J.B. Spins

Jazz, film, and improvised culture.

Tuesday, June 04, 2013

The Prey: The French Fugitive

Franck Adrien is not exactly a touchy feely kind of guy, but he’s still a better father than Will Smith in After Earth, even if he is behind bars.  However, he must break out of prison to protect his family from the serial killer who recently shared his cell in Eric Valette’s The Prey (trailer here), which opens this Friday in New York.

Adrien took the fall for his last heist, but not before he squirreled away the loot.  He will not say where, not even when his wife Anna asks.  His accomplices ask too, but not so nicely.  Of course, Adrien can handle a prison beatdown.  Unfortunately, he is incapable of walking away from a fight.  When the guards allow a gang of toughs to administer some frontier justice to Adrien’s cellmate, he intercedes in spite of himself.  This leads to a mistaken bonding moment.  Unfortunately, Adrien realizes just how bad Jean-Louis Maurel truly is soon after he is released on a technicality.

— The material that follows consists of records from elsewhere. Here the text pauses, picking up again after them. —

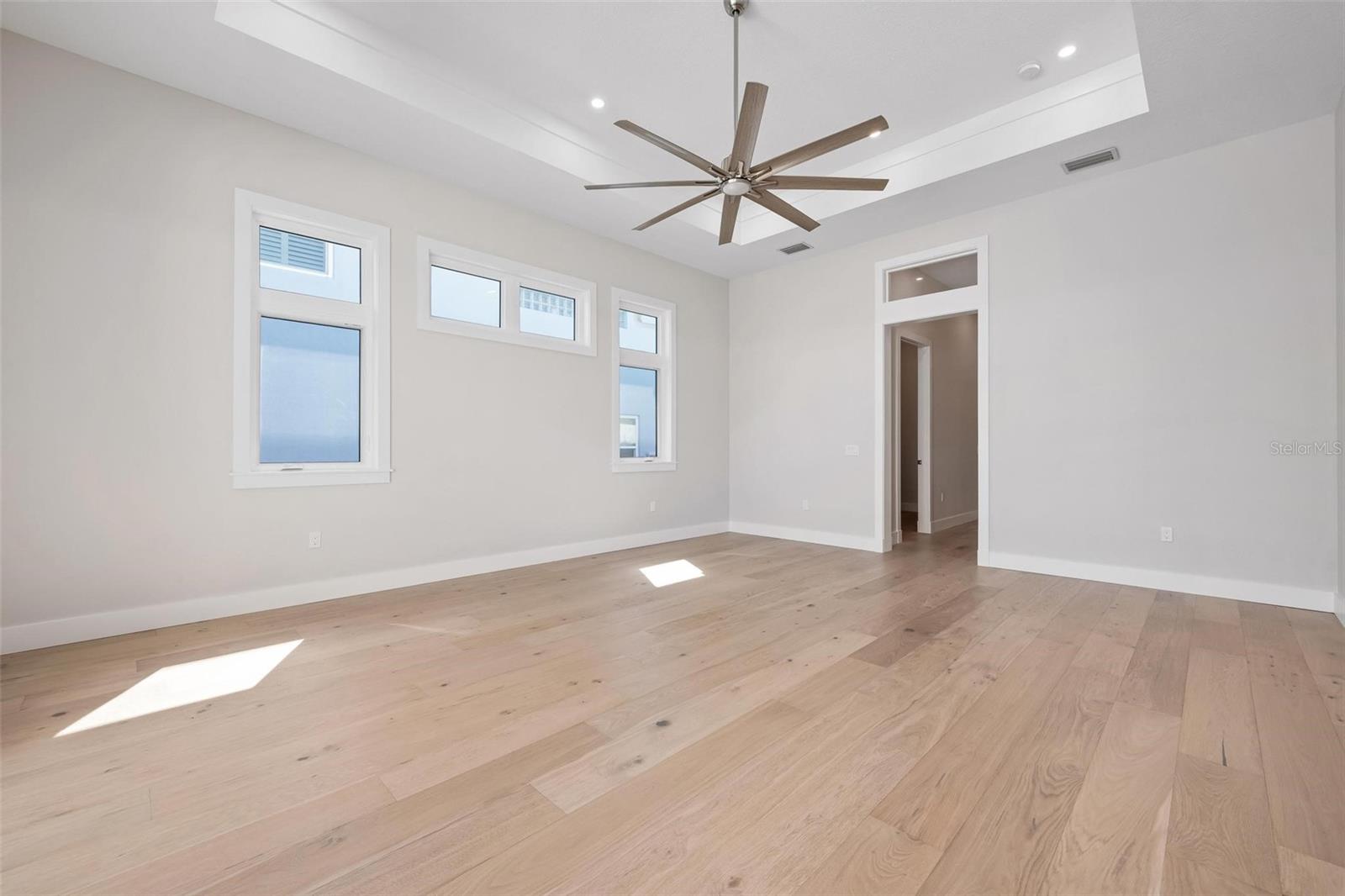 SIESTA BEACH - Residential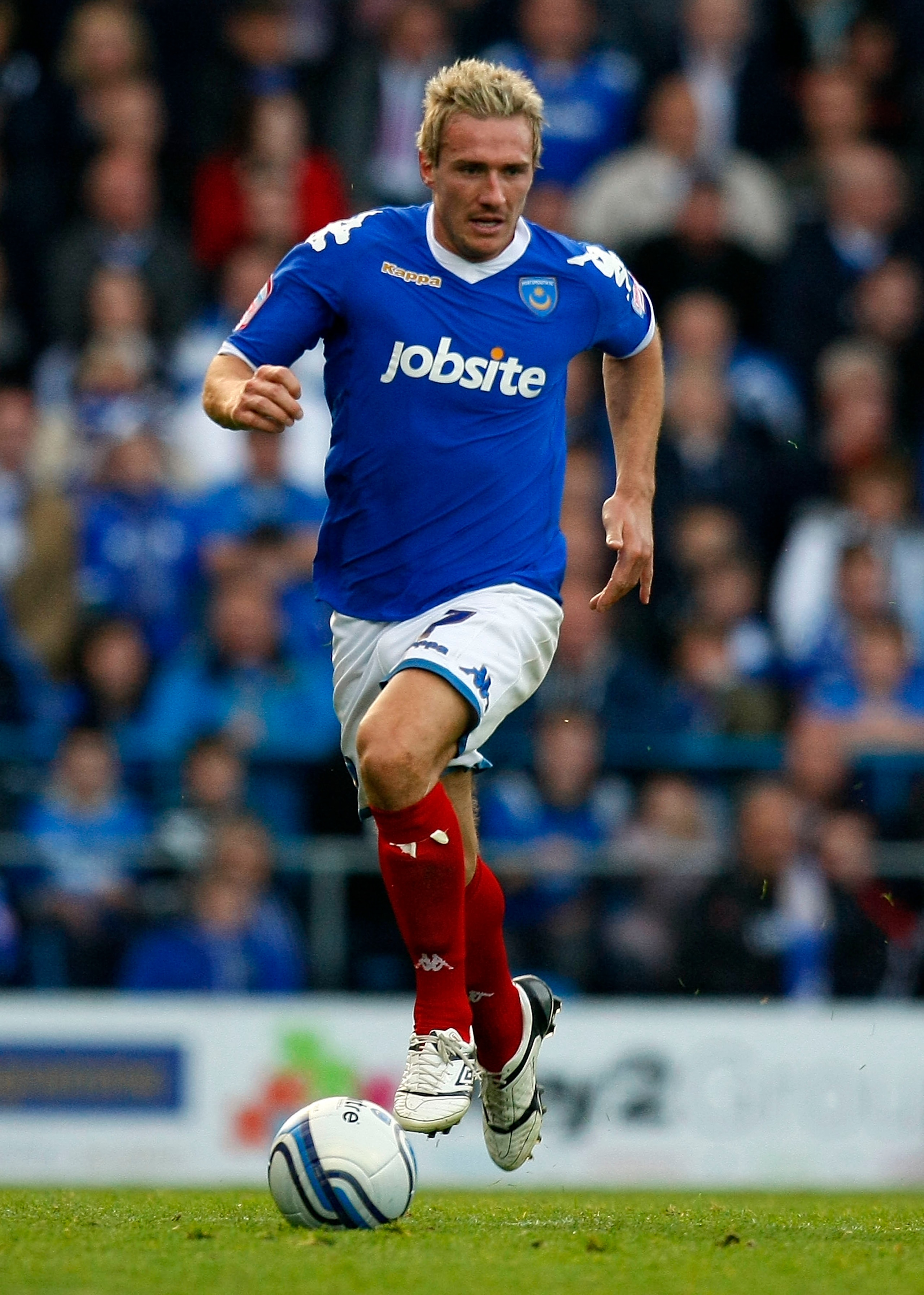 PORTSMOUTH, ENGLAND - OCTOBER 30: Liam Lawrence of Portsmouth in action during the npower Championship match between Portsmouth and Nottingham Forest at Fratton Park on October 30, 2010 in Portsmouth, England. (Photo by Tom Dulat/Getty Images) PORTSMOUTH, ENGLAND - OCTOBER 30: Liam Lawrence of Portsmouth in action during the npower Championship match between Portsmouth and Nottingham Forest at Fratton Park on October 30, 2010 in Portsmouth, England. (Photo by Tom Dulat/Getty Images)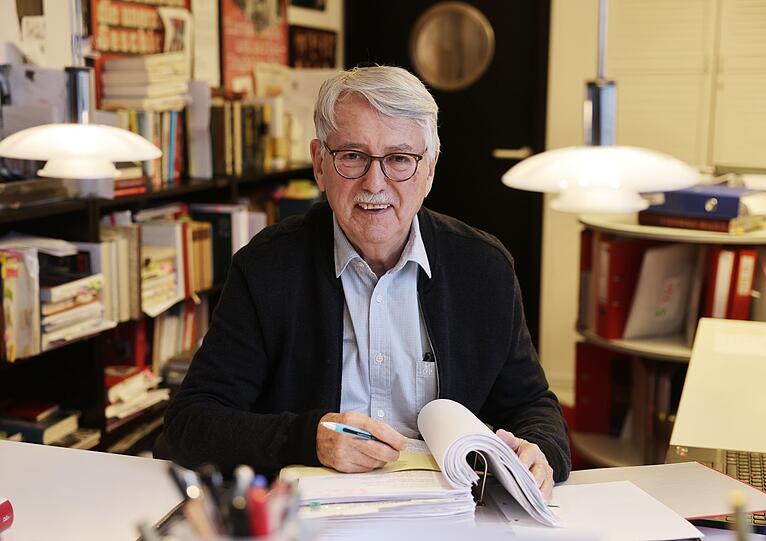 Der Autor und Regisseur Heinrich Breloer beschäftigt sich schon sein ganzes Leben lang mit Thomas Mann.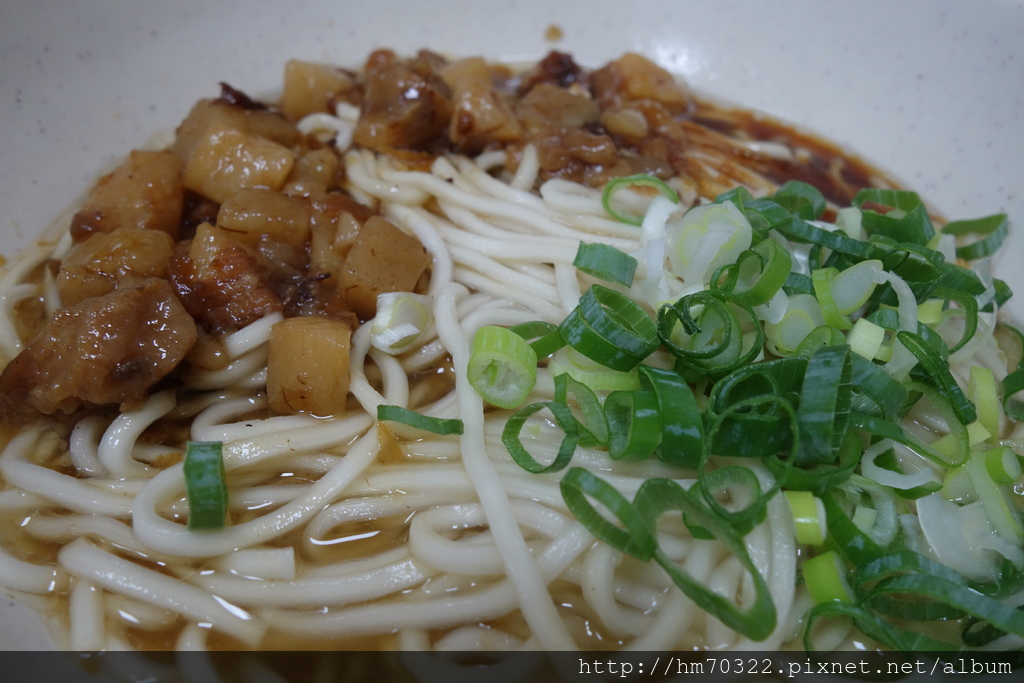 『桃園美食』- 東北角招牌魯肉飯，平鎮育達高中附近美食，推：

Even though his sentence is nearly up, Adrien must escape for his family’s sake.  Already a fugitive, Maurel raises the stakes for his Adrien by framing him for some of his past murders.  The detective charged with apprehending him, the ambitious Claire Linné, has a sense something is wrong with the picture, but all her colleagues are idiots.  Adrien finds only one ally, Carrega, the obsessive ex-cop who could never make a case stick against Maurel.

As Adrien, Albert Dupontel gives one of the most hard-nosed, unabashedly masculine performances of the decade.  His work has a visceral physicality that allows almost no room for verbalizing.  Indeed, his character cannot even seem to growl “I didn’t do it, flic” at Linné.  It’s actually quite impressive to behold.  This film could never be remade with Robert Pattinson or Leonardo DiCaprio, though Heaven help him, Martin Scorsese might try anyway.

Alice Taglioni’s Linné looks pretty credible in her action sequences too, which is a cool bit of fair play.  She also invests her character with refreshing intelligence and professionalism.  You want her on the case, but not so much Zinedine Soualem as her dumb copper boss.  Sergi López adds some nicely rumpled world weariness as Carrega.  As a bonus, there is also Zen’s Caterina Murino in the rather thankless role of Anna Adrien.

Valette stages some nifty fight scenes (Adrien’s prison escape is a particular dozy) and capitalizes on some picturesque backdrops.  Tightly paced, The Prey delivers gritty action with an art house luster and a distinctly French sensibility.  It should well please genre fans and Francophiles alike when it opens this Friday (6/7) in New York at the AMC Empire.